Rheumatoid arthritis (RA) is an autoimmune inflammatory disease characterized by chronic synovitis and the progressive destruction of cartilage and bone. RA is commonly accompanied by extra-articular comorbidities. The pathogenesis of RA and its comorbidities is complex and not completely elucidated. The assembly of the NOD-, LRR- and pyrin domain-containing protein 3 (NLRP3) inflammasome activates caspase-1, which induces the maturation of interleukin (IL)-1β and IL-18 and leads to the cleavage of gasdermin D with promoting pyroptosis. Accumulative evidence indicates the pathogenic role of NLRP3 inflammasome signaling in RA and its comorbidities, including atherosclerotic cardiovascular disease, osteoporosis, and interstitial lung diseases. Although the available therapeutic agents are effective for RA treatment, their high cost and increased infection rate are causes for concern. Recent evidence revealed the components of the NLRP3 inflammasome as potential therapeutic targets in RA and its comorbidities.

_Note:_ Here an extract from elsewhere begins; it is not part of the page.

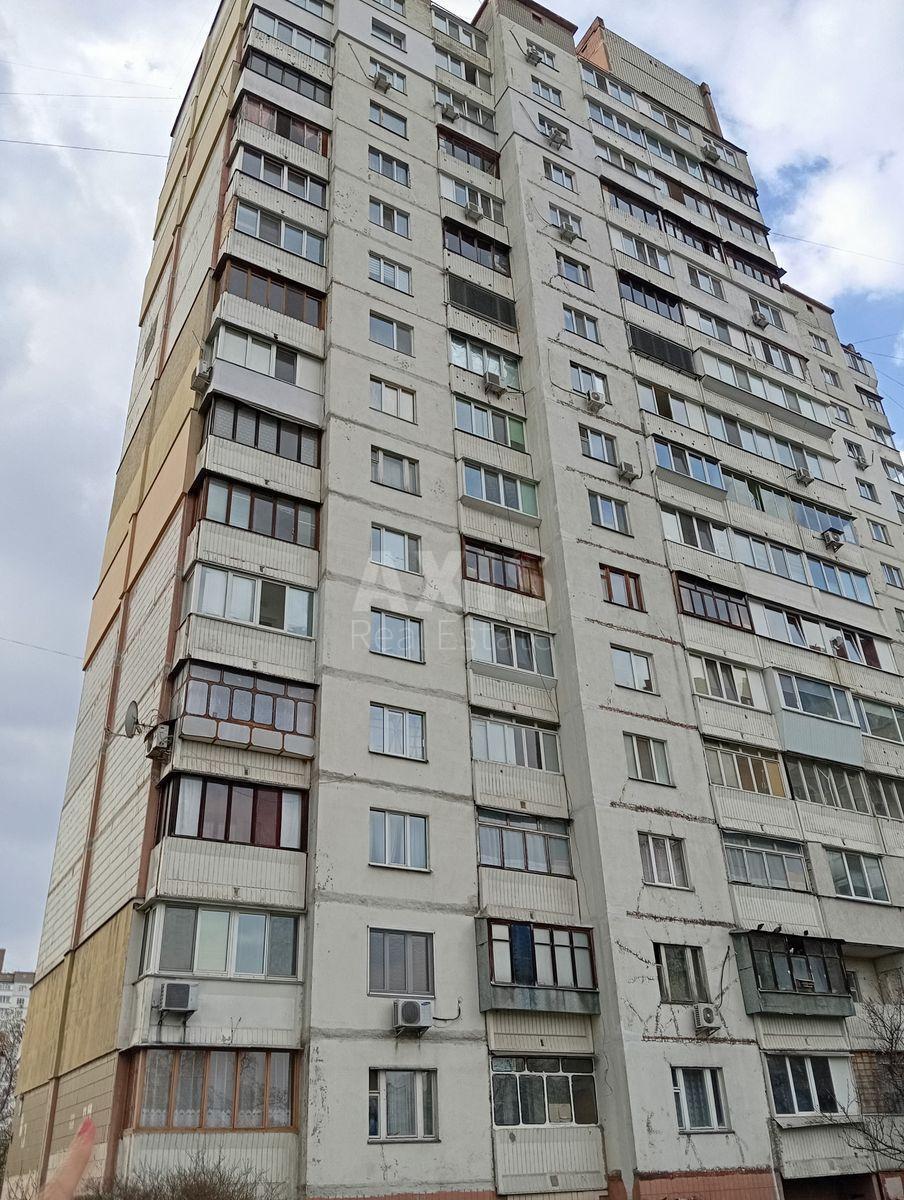 1k apartment vul. Bal'zaka Onore de 86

In this review, we searched the MEDLINE database using the PubMed interface and reviewed English-language literature on the NLRP3 inflammasome in RA and its comorbidities from 2000 to 2023. The current evidence reveals that the NLRP3 inflammasome contributes to the pathogenesis of RA and its comorbidities. Consequently, the components of the NLRP3 inflammasome signaling pathway represent promising therapeutic targets, and ongoing research might lead to the development of new, effective treatments for RA and its comorbidities.

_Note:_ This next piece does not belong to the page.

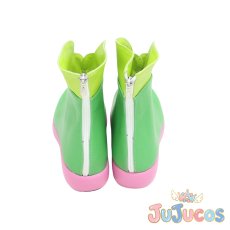 画像5: nan　コスプレ靴　nan　コスプレブーツ　JUJUcosplay (5)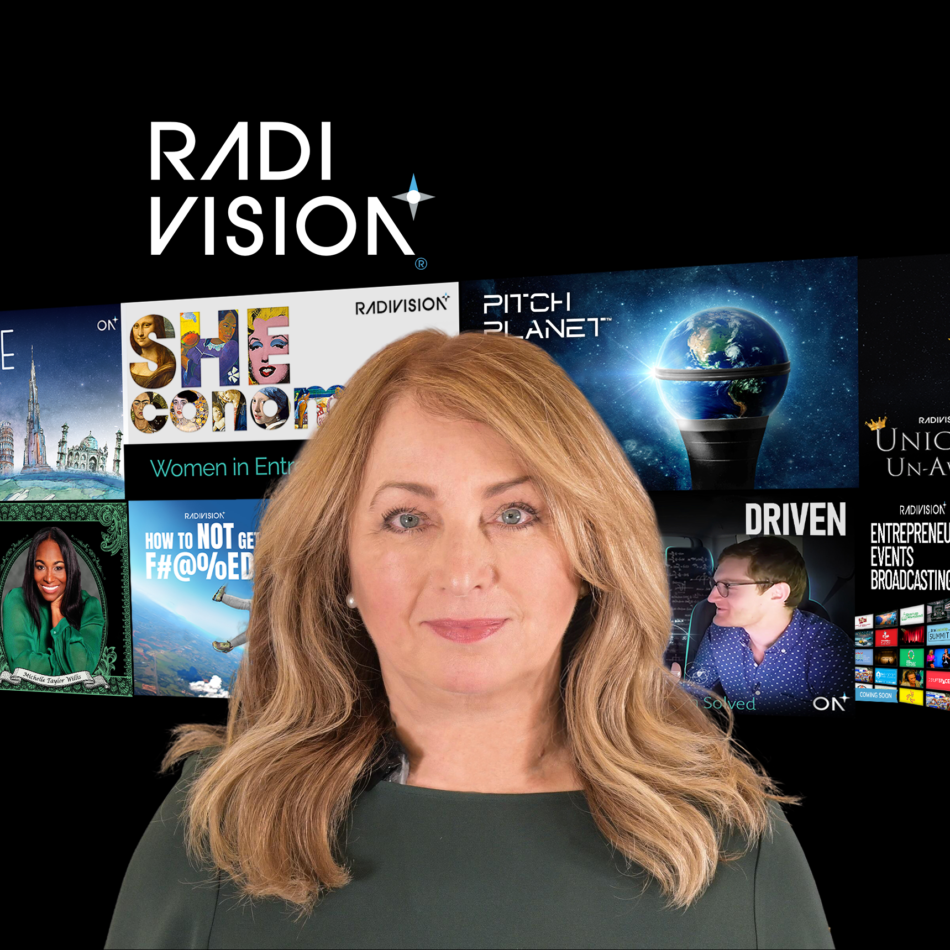 Radivision and ESMS Global CEOs Mona DeFrawi and Bill Kiser Unite to Drive Startup Funding and Retail Investor Prosperity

Keywords: NLRP3 inflammasome; comorbidities; pathogenic player; rheumatoid arthritis; therapeutic potential.

Figure 1

The flow diagram of the literature selection process (Search conducted on 31 October 2023). Duplicates and manuscripts with incomplete data have been excluded. RA: rheumatoid arthritis; NLRP3: nucleotide-binding domain leucine-rich repeat-containing receptors (NLRs) containing a pyrin domain-3; ASCVD: atherosclerotic cardiovascular disease; OP: osteoporosis; ILD: interstitial lung disease.

Figure 2

The proposed model for the pathogenic role of the NLRP3 inflammasome signaling pathway in RA and its clinical implications as the therapeutic potential. Several ligands that bind to TNFRs and TLRs can activate nuclear factor (NF)-κB. As a transcription factor, activated NF-κB can translocate into the nucleus and thereby activate the expression of NLRP3 and pro-IL-1β. As an endogenous ligand, anti-citrullinated peptide antibodies (ACPA) can promote NF-κB phosphorylation through binding to TNFRs and TLRs. In the second signal, extracellular ATP can bind to P2X7 and thereby lead to K⁺ efflux and extracellular Ca⁺⁺ influx, which activate the NLRP3 inflammasome with the overproduction of the mature form of IL-1β and IL-18. The NLRP3 inflammasome activation also leads to the cleavage of gasdermin D, which promotes pyroptosis with the formation of pores in the cell membrane and the release of IL-1β and IL-18. ACPA can also activate the pannexin channel, resulting in ATP secretion and NLRP3 inflammation activation. In RA monocytes, complement C1q and pentaxin 3 (PTX3) synergistically activate the NLRP3 inflammasome and pyroptosis. Several compounds have been identified as inhibitors of the components of the NLRP3 inflammasome signaling pathway. MCC950, VX-765, osthole, and sulforaphane can inhibit the activation of the NLRP3 inflammasome. Tofacitinib, one JAKi, may restore the balance of γδTreg/γδT17 cells in RA by inhibiting the NLRP3 inflammasome. Disulfiram inhibits GSDMD and thereby blocks pyroptosis and the release of IL-1β and IL-18. Anakinra, an IL-1β receptor antagonist, blocks the effects of NLRP3 inflammasome downstream cytokine. Among natural products, both Baihu-Guizhi decoction (BHGZD) and celastrol can inhibit NLRP3 activation by blocking the NF-κB pathway. HCQ could inhibit Ca²⁺-activated K⁺ channels and then impair inflammasome activation. The microRNA-30a and miR-223 inhibit the expression of NLRP3 and inflammasome activation. Red arrows indicate activation of NLRP3 inflammasome. Block arrows trigger protein expression pathway. RA: rheumatoid arthritis; TNFα: tumor necrosis factor-α; TNFRs: TNFα receptors; TLRs: Toll-like receptors; ATP: adenosine triphosphate; PTX3: pentaxin 3; GSDMD: gasdermin D; IL: interleukin; ASCVD: atherosclerotic cardiovascular disease; OP: osteoporosis; ILD: interstitial lung disease.